> **Work request**:
Should any entry hold a picture, omit that picture and copy the rest of the entry exactly.

> **Image-text web data**:
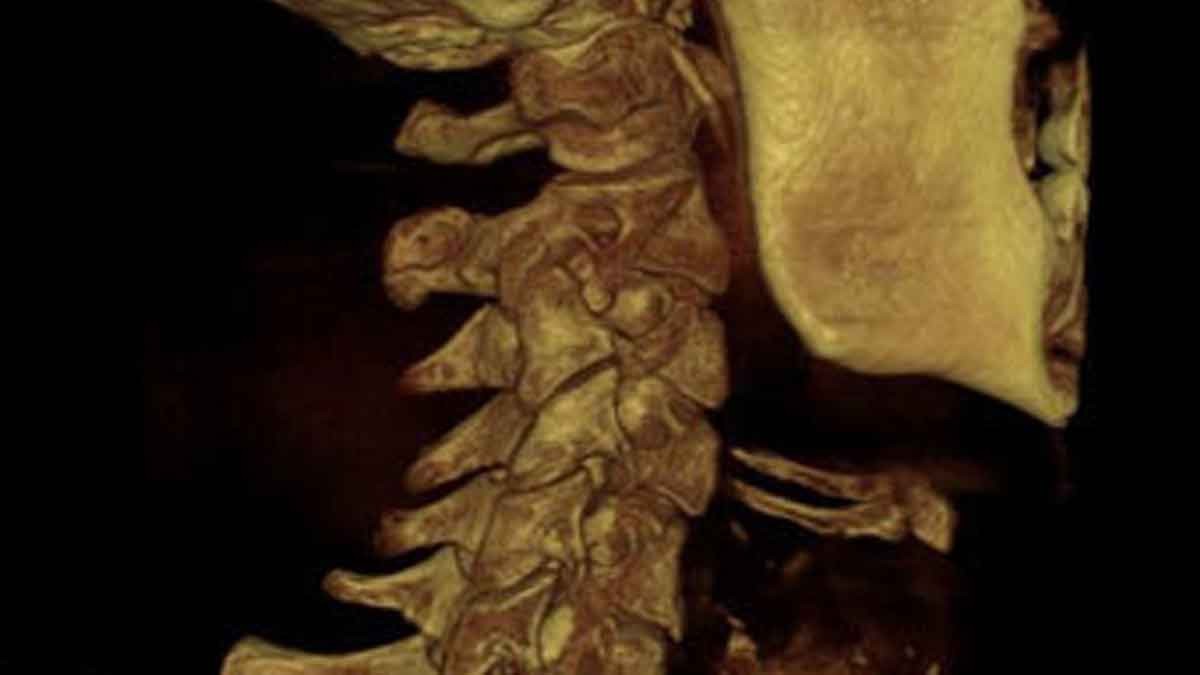 CLOSE LOOK AT C2 RIGHT ARTICULATION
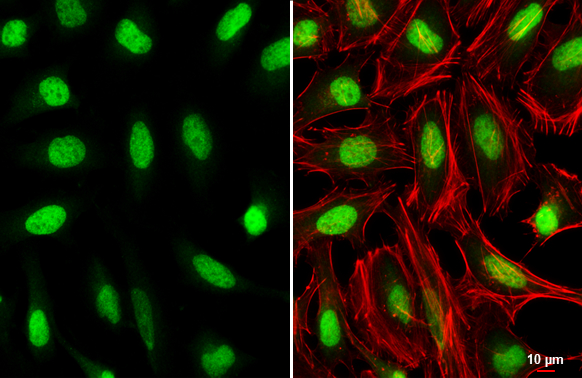 Homeobox C10 antibody detects Homeobox C10 protein at nucleus by immunofluorescent analysis. Sample: HeLa cells were fixed in 4% paraformaldehyde at RT for 15 min. Green: Homeobox C10 stained by Homeobox C10 antibody (GTX118025) diluted at 1:500. Red: phalloidin, a cytoskeleton marker, diluted at 1:100. Scale bar= 10 μm.
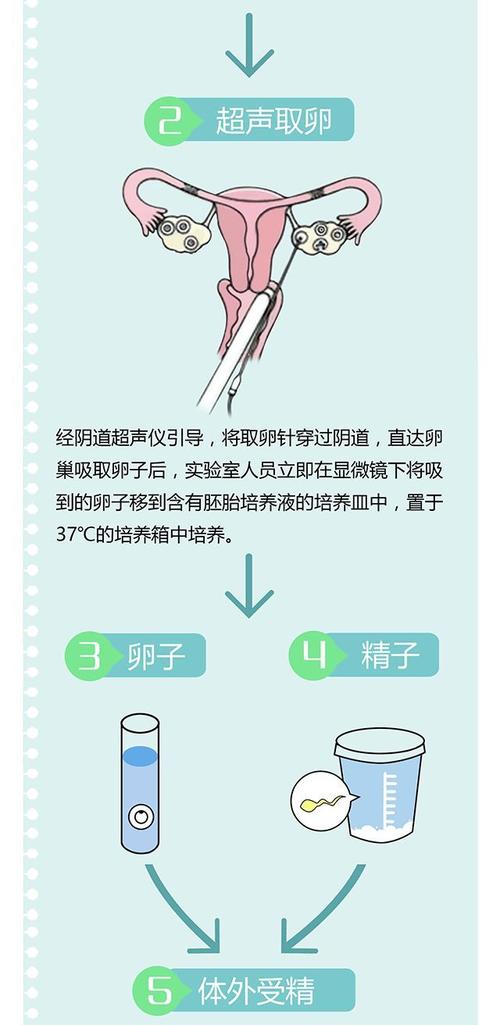 供卵试管代怀双胞胎流程_供卵试管代怀双胞胎流程详解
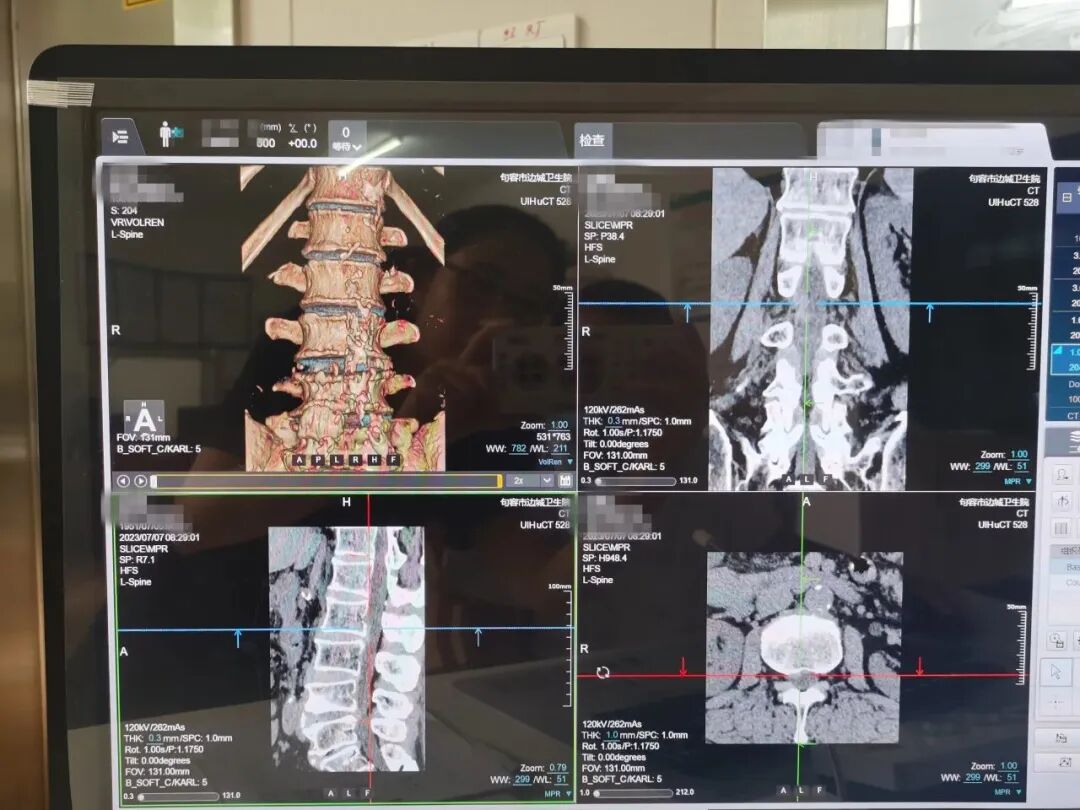 联影ct怎么样我院又添新“利器”——联影40排高端螺旋CT正式投入使用！_https://www.jmylbn.com_新闻资讯_第8张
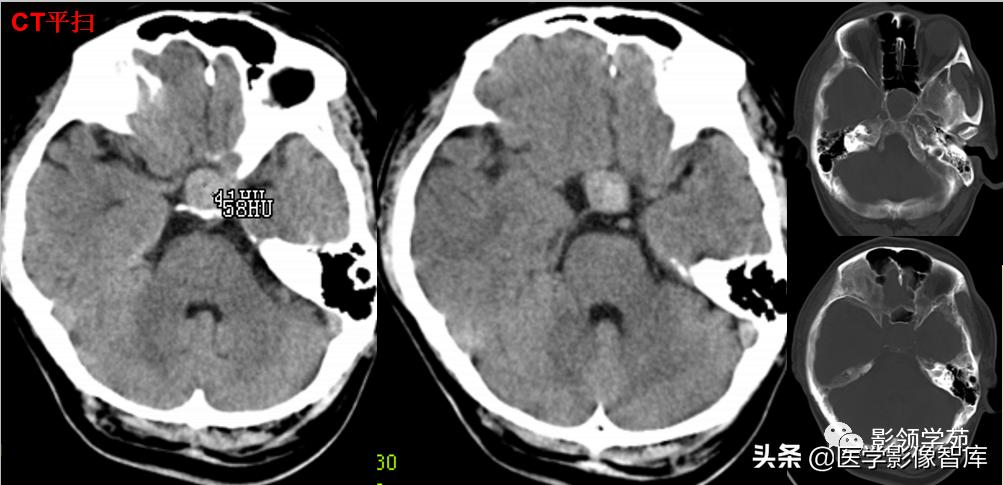鞍区肿瘤做什么检查得出来,鞍区肿瘤的影像学鉴别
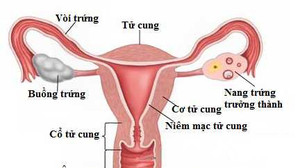 Uống thuốc ngừa thai khẩn cấp có thể vô sinh, ung thư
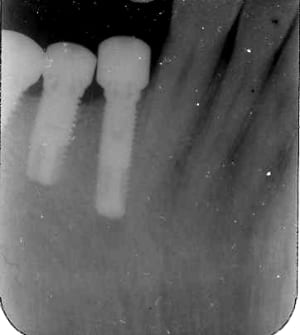 Implant 44 hquvgf - Eugenol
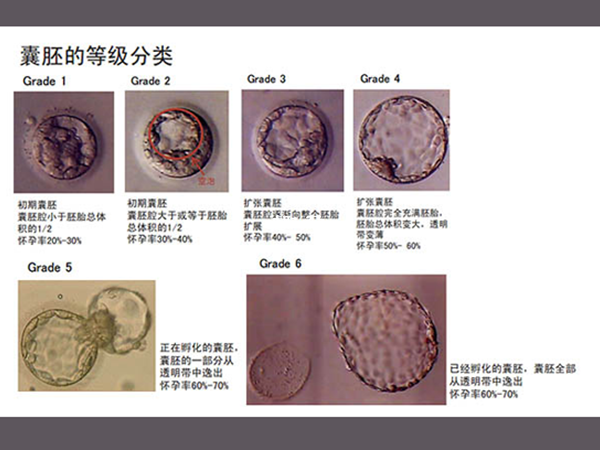 胚胎的等級越高則質量越好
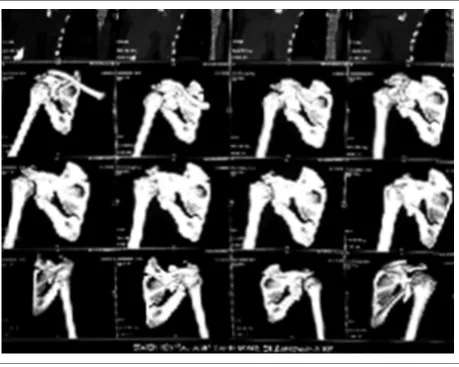 Figure 5. Range of Motion at Subsequent Visits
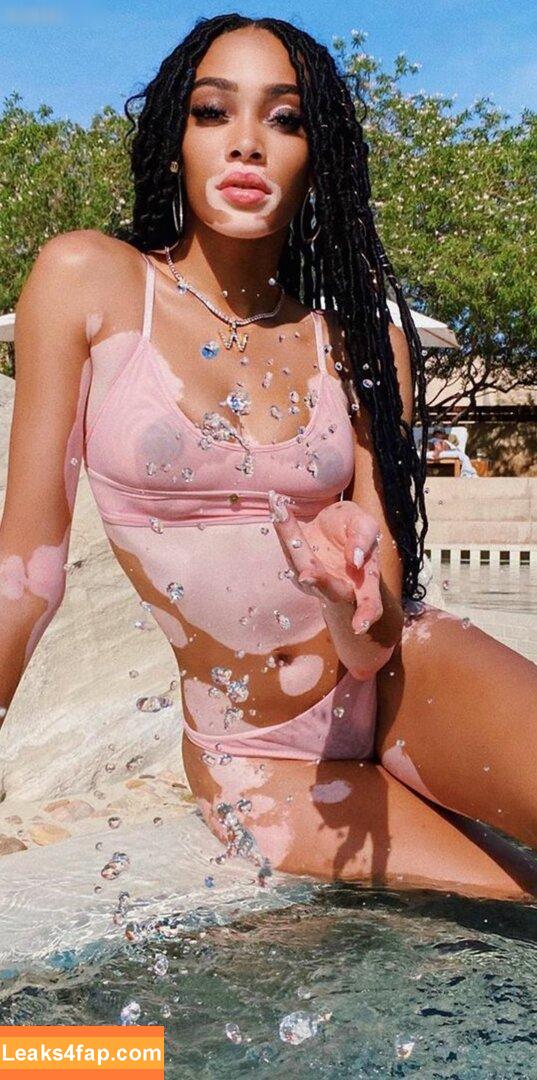 Winnie Harlow / winnieharlow leaked photo photo #0165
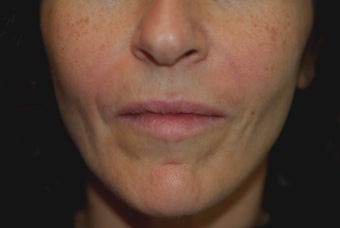 Perlane Injections
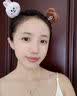 维特丝377面霜乳液男女士美白祛斑紧致高保湿补水去黄提亮黑色素护肤品 实拍图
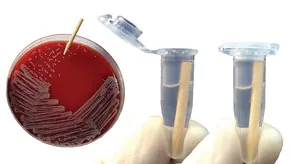 Merck smartPick Wooden inoculation picks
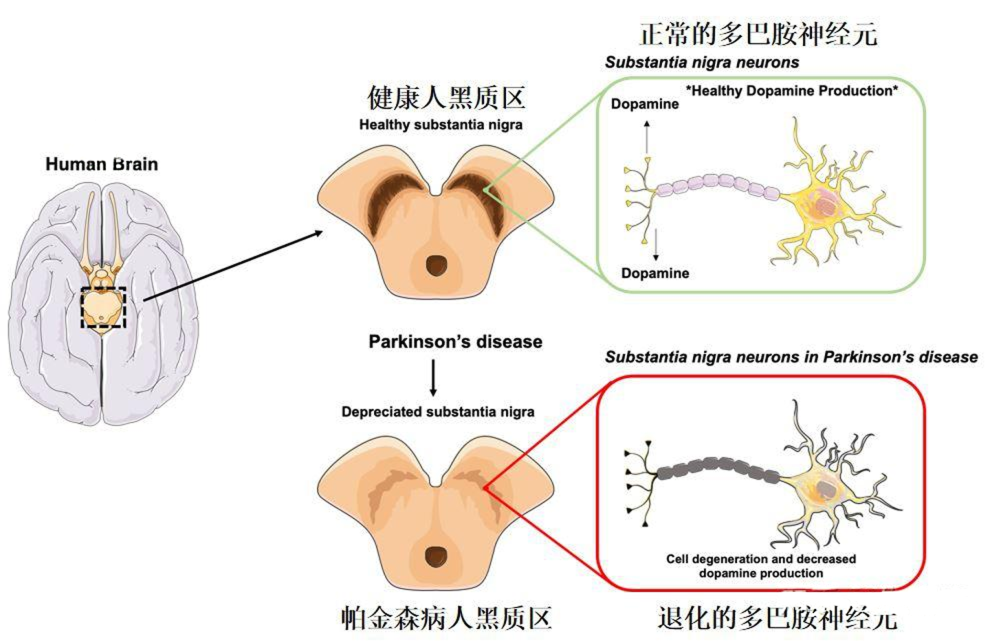 帕金森病患者的腦部黑質(zhì)區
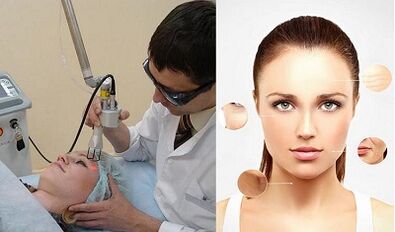 كيف يتم تجديد الجلد بالليزر؟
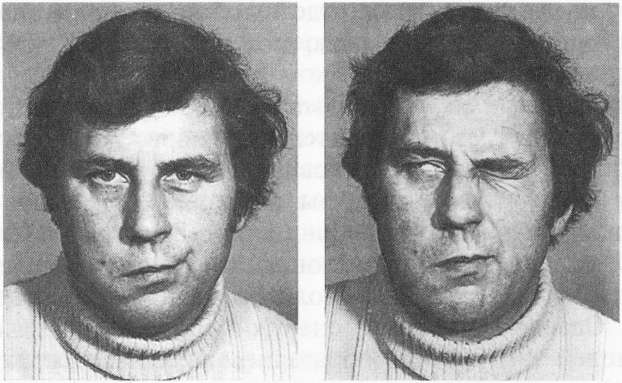 Какой врач первым описал паралич лицевого нерва - фото презентация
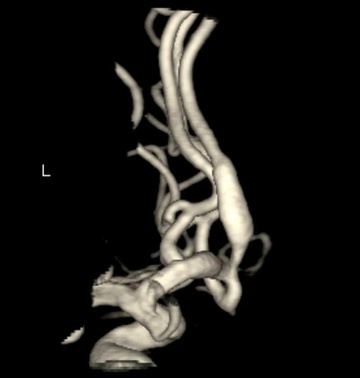 3D rotational angiography demonstrating A2 fusiform aneurysm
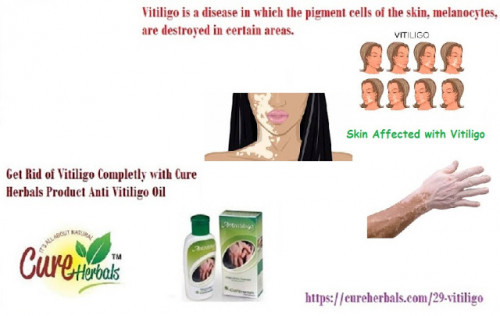 Vitligo-White-Spots-on-Skin-and-Its-Treatment-Naturally.jpg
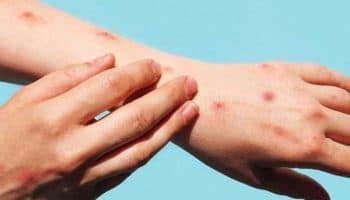 OMS y científicos piden acción urgente contra cepa de la viruela símica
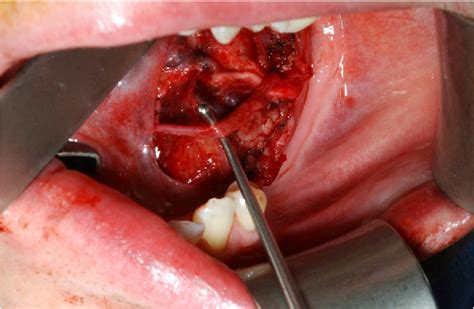 Figure 5 From Sublingual Gland Excision A Dissection Carried Out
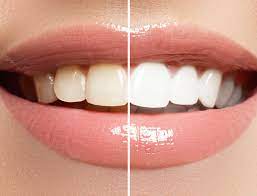 🔥 Xpert Teeth Whitening Drops – 7 Din Mein Chamakte Safed Daant, Ghar Baithe!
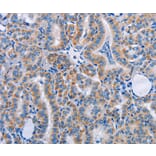 Immunohistochemistry - FN1 Antibody from Signalway Antibody (35542) - Antibodies.com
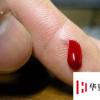 生活小知識(shí)：刀割到手怎樣處理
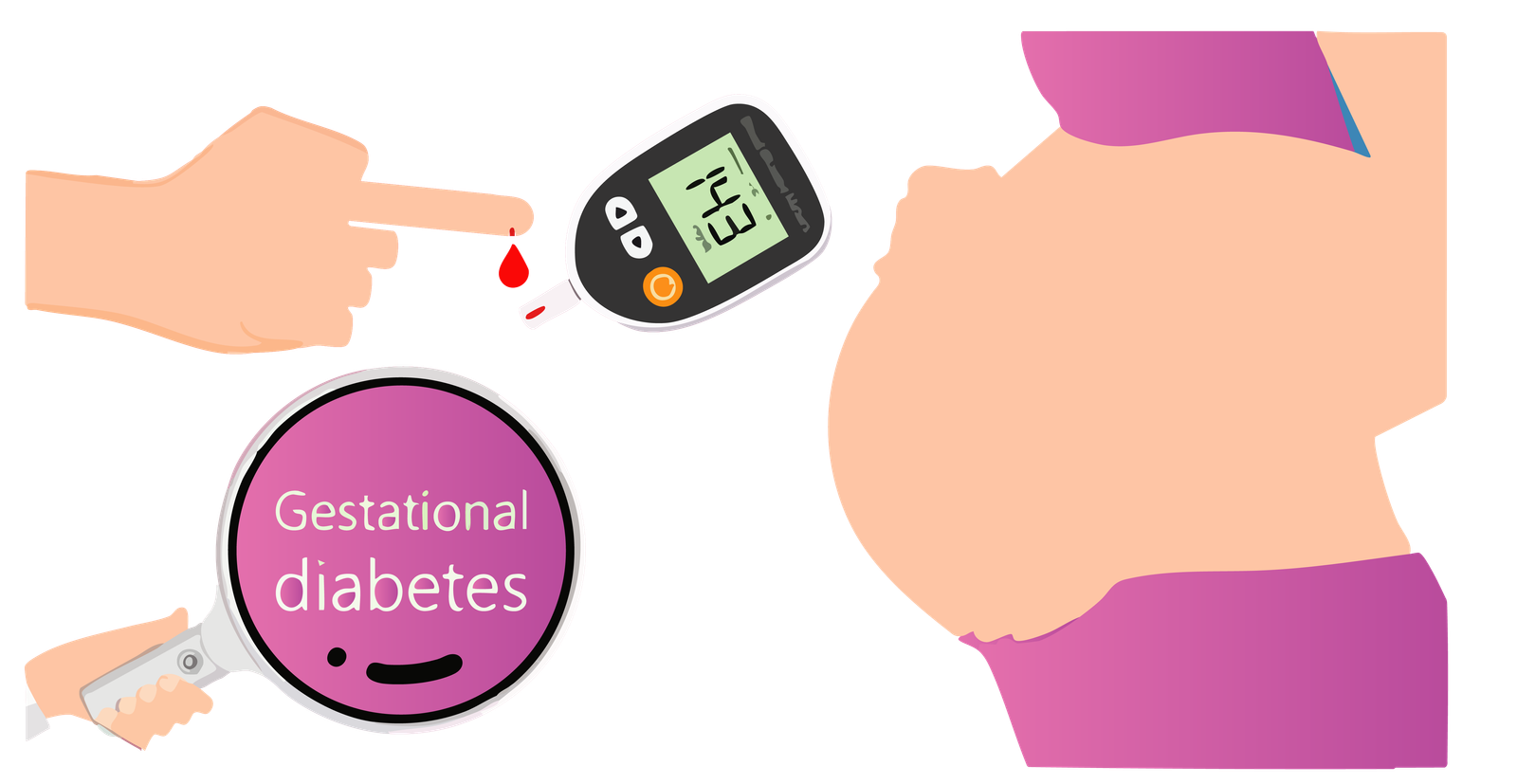 gestational diabetes treatment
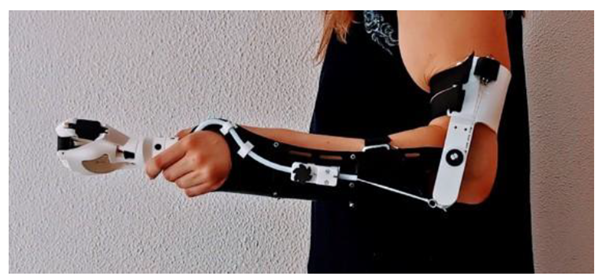 Figure 4: The bypass socket of the ADL arm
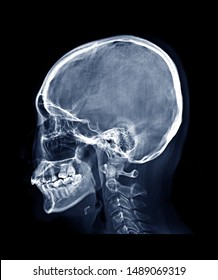 Skull Xray Image Human Skull Lateral Stock Photo 1489069319 | Shutterstock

> **Task answer**:
 CLOSE LOOK AT C2 RIGHT ARTICULATION
 Homeobox C10 antibody detects Homeobox C10 protein at nucleus by immunofluorescent analysis. Sample: HeLa cells were fixed in 4% paraformaldehyde at RT for 15 min. Green: Homeobox C10 stained by Homeobox C10 antibody (GTX118025) diluted at 1:500. Red: phalloidin, a cytoskeleton marker, diluted at 1:100. Scale bar= 10 μm.
 供卵试管代怀双胞胎流程_供卵试管代怀双胞胎流程详解
 联影ct怎么样我院又添新“利器”——联影40排高端螺旋CT正式投入使用！_https://www.jmylbn.com_新闻资讯_第8张
鞍区肿瘤做什么检查得出来,鞍区肿瘤的影像学鉴别
 Uống thuốc ngừa thai khẩn cấp có thể vô sinh, ung thư
 Implant 44 hquvgf - Eugenol
 胚胎的等級越高則質量越好
 Figure 5. Range of Motion at Subsequent Visits
 Winnie Harlow / winnieharlow leaked photo photo #0165
 Perlane Injections
 维特丝377面霜乳液男女士美白祛斑紧致高保湿补水去黄提亮黑色素护肤品 实拍图
 Merck smartPick Wooden inoculation picks
 帕金森病患者的腦部黑質(zhì)區
 كيف يتم تجديد الجلد بالليزر؟
 Какой врач первым описал паралич лицевого нерва - фото презентация
 3D rotational angiography demonstrating A2 fusiform aneurysm
 Vitligo-White-Spots-on-Skin-and-Its-Treatment-Naturally.jpg
 OMS y científicos piden acción urgente contra cepa de la viruela símica
 Figure 5 From Sublingual Gland Excision A Dissection Carried Out
 🔥 Xpert Teeth Whitening Drops – 7 Din Mein Chamakte Safed Daant, Ghar Baithe!
 Immunohistochemistry - FN1 Antibody from Signalway Antibody (35542) - Antibodies.com
 生活小知識(shí)：刀割到手怎樣處理
 gestational diabetes treatment
 Figure 4: The bypass socket of the ADL arm
 Skull Xray Image Human Skull Lateral Stock Photo 1489069319 | Shutterstock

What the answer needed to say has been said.